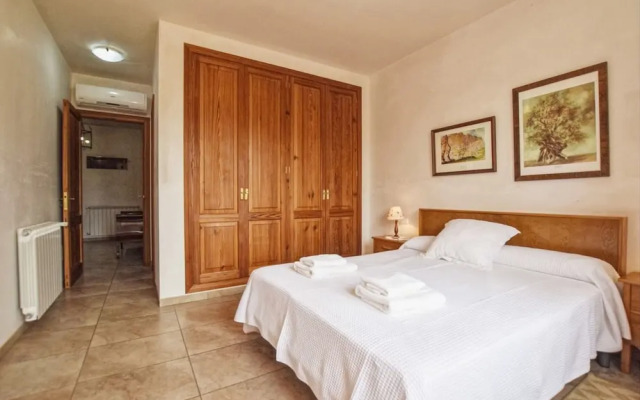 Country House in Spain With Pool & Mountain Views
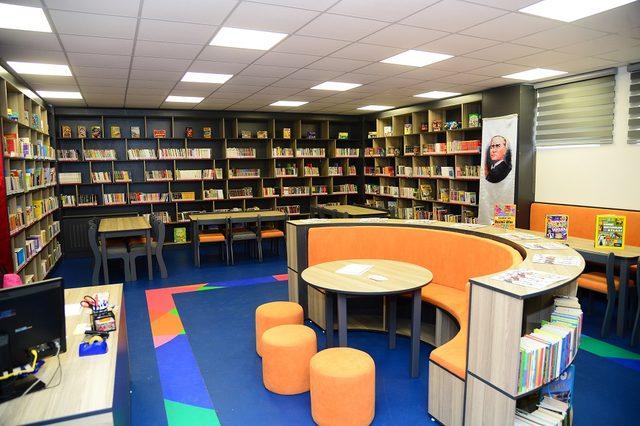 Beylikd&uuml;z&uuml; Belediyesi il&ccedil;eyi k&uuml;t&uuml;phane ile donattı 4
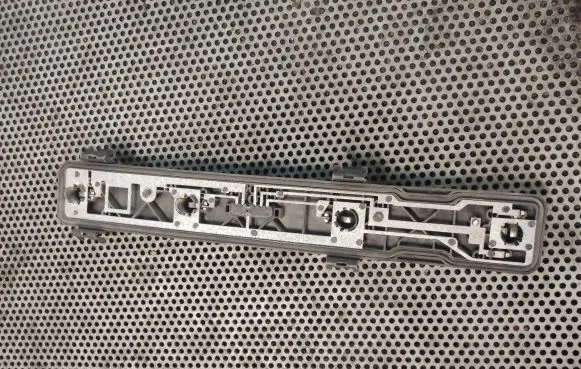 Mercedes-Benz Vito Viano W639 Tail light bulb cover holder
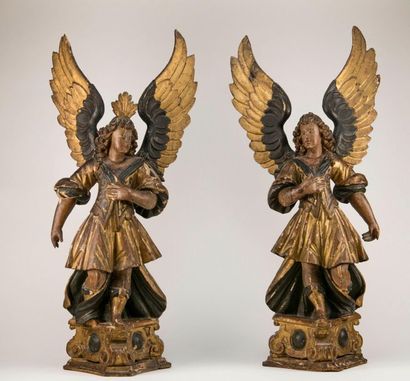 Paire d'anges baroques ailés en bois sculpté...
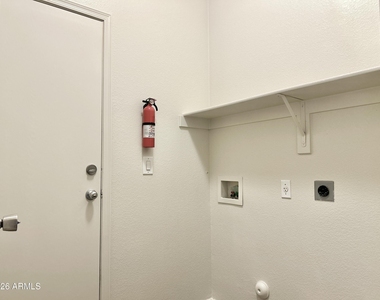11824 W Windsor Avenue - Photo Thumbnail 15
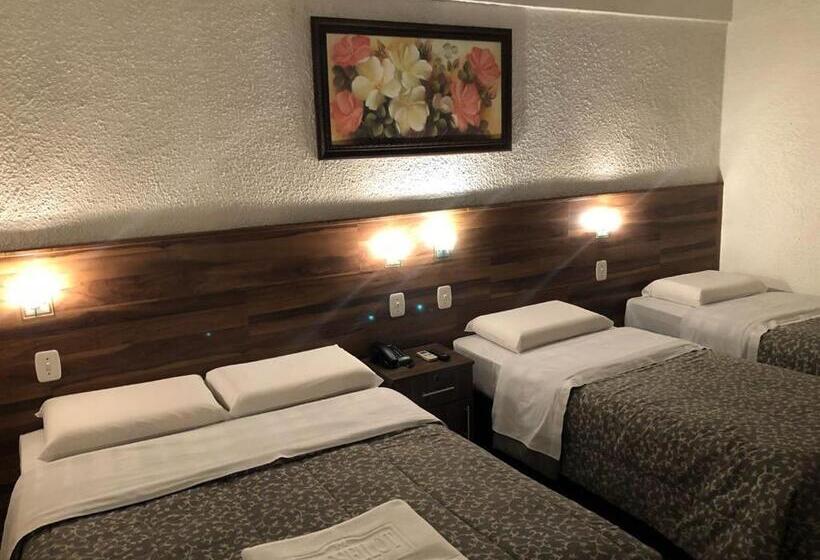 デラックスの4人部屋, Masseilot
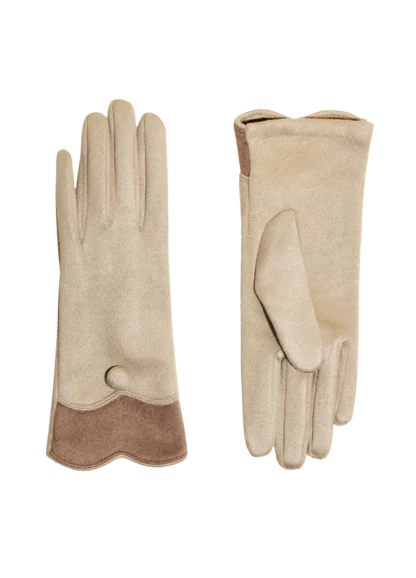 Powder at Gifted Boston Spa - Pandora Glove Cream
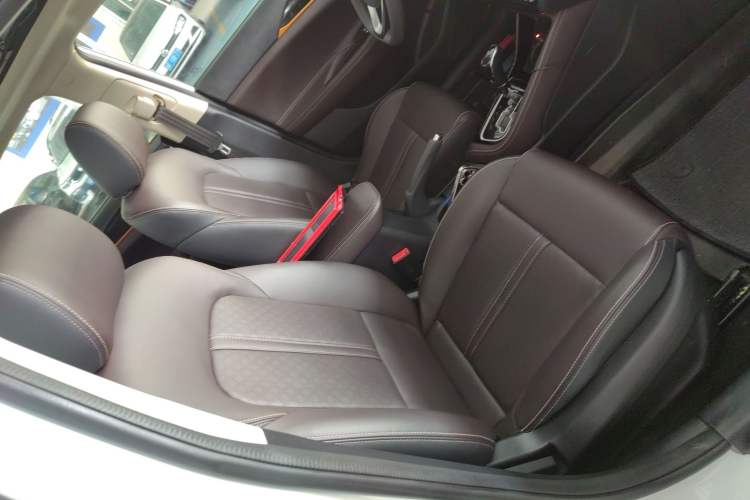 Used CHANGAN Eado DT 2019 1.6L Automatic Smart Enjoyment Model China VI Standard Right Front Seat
==
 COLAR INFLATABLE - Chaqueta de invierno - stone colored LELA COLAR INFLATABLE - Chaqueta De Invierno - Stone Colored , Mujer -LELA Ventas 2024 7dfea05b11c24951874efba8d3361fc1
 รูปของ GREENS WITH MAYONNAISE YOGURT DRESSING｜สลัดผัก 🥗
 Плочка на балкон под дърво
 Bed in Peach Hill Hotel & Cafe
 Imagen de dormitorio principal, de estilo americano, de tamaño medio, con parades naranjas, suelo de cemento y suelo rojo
* * *
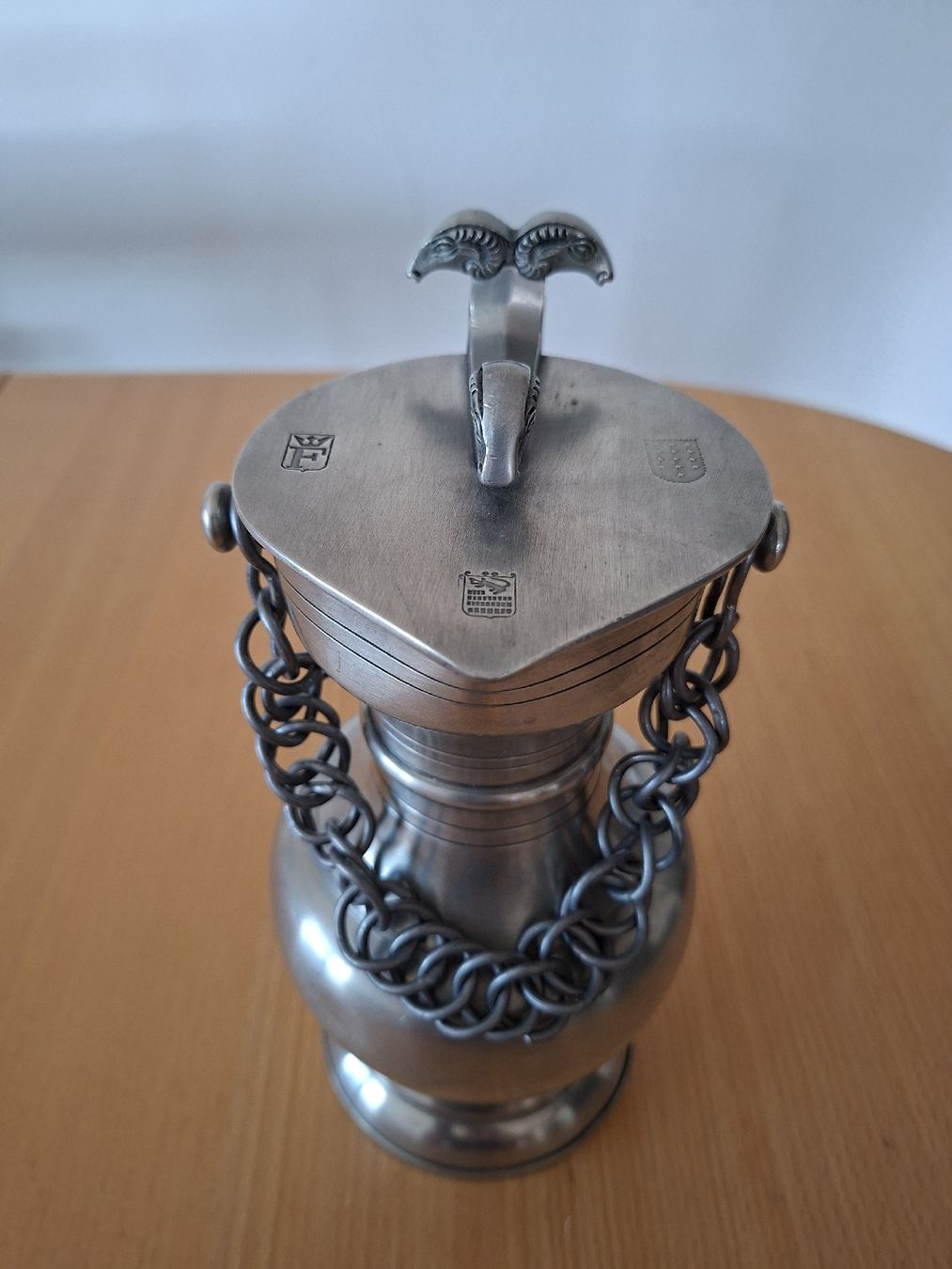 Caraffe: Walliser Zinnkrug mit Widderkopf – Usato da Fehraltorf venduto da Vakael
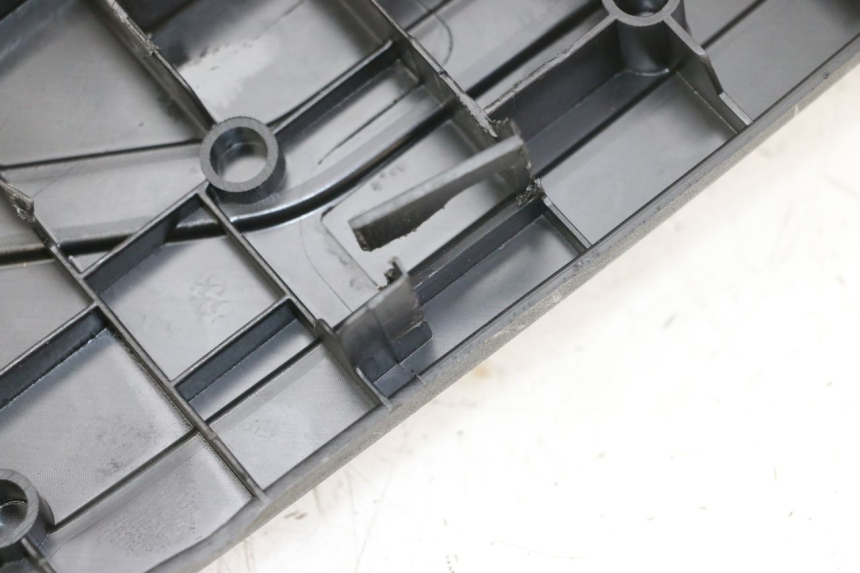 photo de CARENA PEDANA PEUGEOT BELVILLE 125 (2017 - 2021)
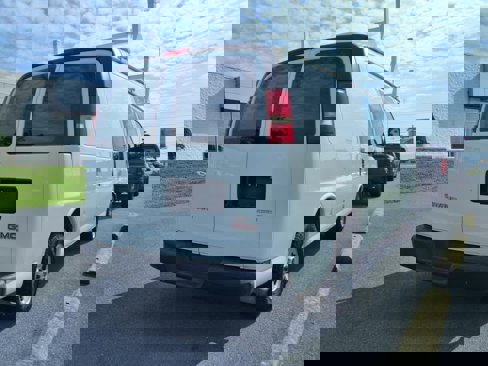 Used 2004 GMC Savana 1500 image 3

● **TASK**:
Find the line with "Country House in" in the entries above. Set down exactly every line from it up to and including the line with "Used CHANGAN Eado", images excluded.

● **SOLUTION**:
 Country House in Spain With Pool & Mountain Views
 Beylikd&uuml;z&uuml; Belediyesi il&ccedil;eyi k&uuml;t&uuml;phane ile donattı 4
 Mercedes-Benz Vito Viano W639 Tail light bulb cover holder
 Paire d'anges baroques ailés en bois sculpté...
11824 W Windsor Avenue - Photo Thumbnail 15
 デラックスの4人部屋, Masseilot
 Powder at Gifted Boston Spa - Pandora Glove Cream
 Used CHANGAN Eado DT 2019 1.6L Automatic Smart Enjoyment Model China VI Standard Right Front Seat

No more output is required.